---------- DATA FOR THE TASK ----------

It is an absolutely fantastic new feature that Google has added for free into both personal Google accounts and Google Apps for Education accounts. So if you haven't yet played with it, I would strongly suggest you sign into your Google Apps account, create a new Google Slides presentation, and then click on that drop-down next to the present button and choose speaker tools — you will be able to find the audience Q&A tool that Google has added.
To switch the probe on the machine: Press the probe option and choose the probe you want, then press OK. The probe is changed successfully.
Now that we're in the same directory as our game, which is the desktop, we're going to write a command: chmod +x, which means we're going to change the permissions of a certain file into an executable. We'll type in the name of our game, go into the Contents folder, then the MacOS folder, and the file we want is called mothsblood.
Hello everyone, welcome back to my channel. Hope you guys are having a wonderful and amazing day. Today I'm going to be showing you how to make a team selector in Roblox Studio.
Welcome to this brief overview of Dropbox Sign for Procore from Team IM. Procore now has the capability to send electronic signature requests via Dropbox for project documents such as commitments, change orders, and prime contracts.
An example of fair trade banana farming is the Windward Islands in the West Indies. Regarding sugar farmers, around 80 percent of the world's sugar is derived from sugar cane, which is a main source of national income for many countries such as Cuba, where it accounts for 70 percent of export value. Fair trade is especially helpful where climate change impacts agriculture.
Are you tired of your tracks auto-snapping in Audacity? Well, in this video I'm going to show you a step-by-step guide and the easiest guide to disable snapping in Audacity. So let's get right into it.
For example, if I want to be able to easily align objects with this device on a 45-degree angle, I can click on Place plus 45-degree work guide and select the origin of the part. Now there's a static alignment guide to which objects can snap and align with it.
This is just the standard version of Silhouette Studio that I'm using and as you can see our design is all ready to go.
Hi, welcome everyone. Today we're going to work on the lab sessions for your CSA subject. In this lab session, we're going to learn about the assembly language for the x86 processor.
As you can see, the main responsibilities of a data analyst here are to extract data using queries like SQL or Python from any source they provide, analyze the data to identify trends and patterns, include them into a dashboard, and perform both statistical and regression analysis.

----------

WHAT YOU WILL DO >>
Nothing except a number is needed: how many lines of the entries contain the word "that"?

OUTPUT BELOW >>
3